▶ **Data section**
————————

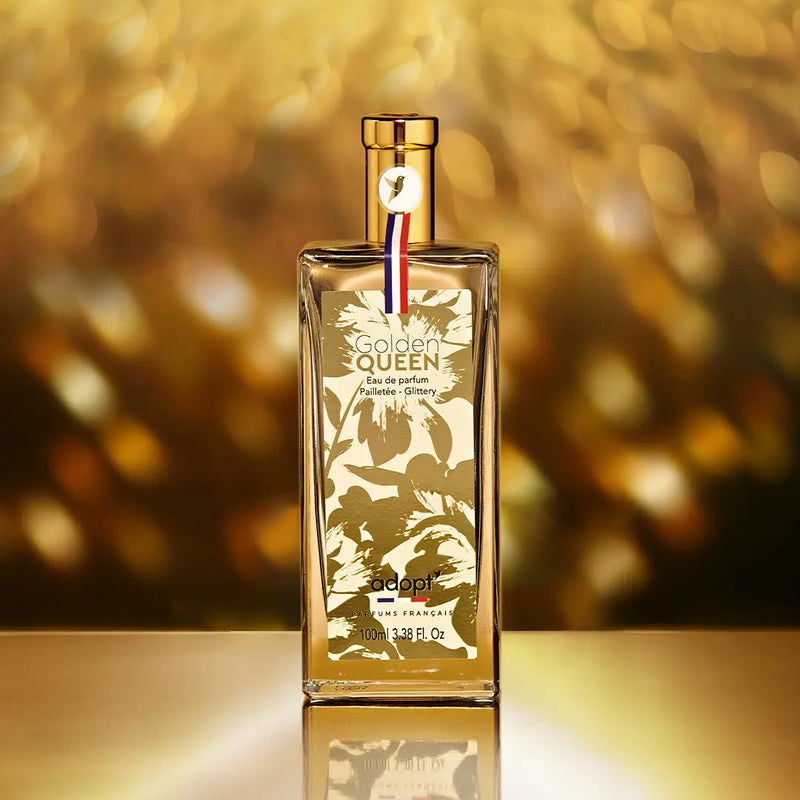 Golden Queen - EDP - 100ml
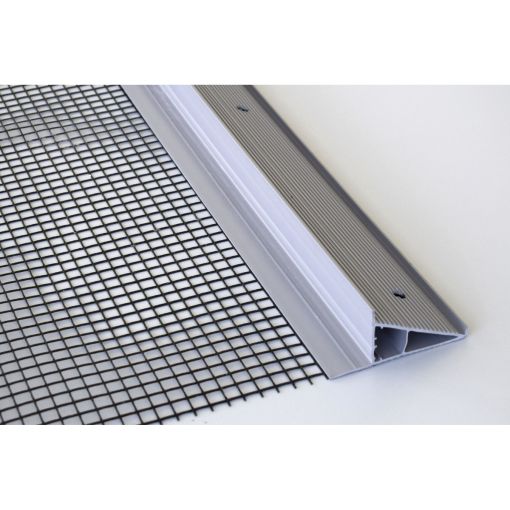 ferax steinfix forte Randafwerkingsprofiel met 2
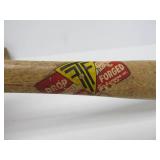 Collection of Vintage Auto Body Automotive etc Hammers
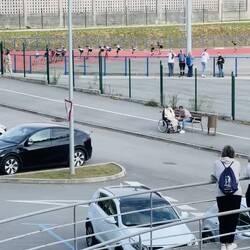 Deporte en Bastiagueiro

————————

▶ **Problem requirements**
Restate the whole listing above exactly, please, omitting every image.

▶ **Expected output**
 Golden Queen - EDP - 100ml
 ferax steinfix forte Randafwerkingsprofiel met 2
 Collection of Vintage Auto Body Automotive etc Hammers
 Deporte en Bastiagueiro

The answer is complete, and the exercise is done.